On Thu, Feb 25, 1999 at 07:20:12AM -0800, Russ Allbery wrote:
> Nicolas Brouard <[EMAIL PROTECTED]> writes:
> > I choosed HTML but as I am also interested by bandwith consideration, I
> > looked at both sources: the plaintext file is 28,977 characters long and
> > the HTML is 39,755 characters. It is 37% more. It is not 3 times bigger
> > as it was said on this list.
>
> Yes. Three times larger is only if you have a *really* pathetically bad
> converter.
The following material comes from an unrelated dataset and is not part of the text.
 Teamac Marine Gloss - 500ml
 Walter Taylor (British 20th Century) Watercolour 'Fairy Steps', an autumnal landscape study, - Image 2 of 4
For comparison, here's the size difference for my faq2html
> script, which I use to generate HTML versions of various FAQs I maintain
> for posting on the web:
>
> windlord:~/faqs> ls -l mjqmail mjqmail.html
> -rw-r--r-- 1 eagle root 21246 Feb 15 07:20 mjqmail
> -rw-r--r-- 1 eagle root 22736 Feb 25 07:13 mjqmail.html
>
> See <URL:http://www.eyrie.org/~eagle/faqs/mjqmail.html>.
>
> Now, this gets a lot worse with quoted text, since HTML doesn't have good
> mechanisms to deal with that (particularly with nested quoting). So in a
> discussion context, things are messier.
Note that you don't need to escape '>' when converting from plain
text to HTML (which is where a lot of the verbosity can come from
when converting news or mail); you just need to escape '&' and '<'.
Leaving the '>'s as-is is valid HTML, and I've never heard of a
browser that chokes on it (and my news archive software has been
leaving them unescaped for years.)
--
Gerald Oskoboiny <[EMAIL PROTECTED]>
http://impressive.net/people/gerald/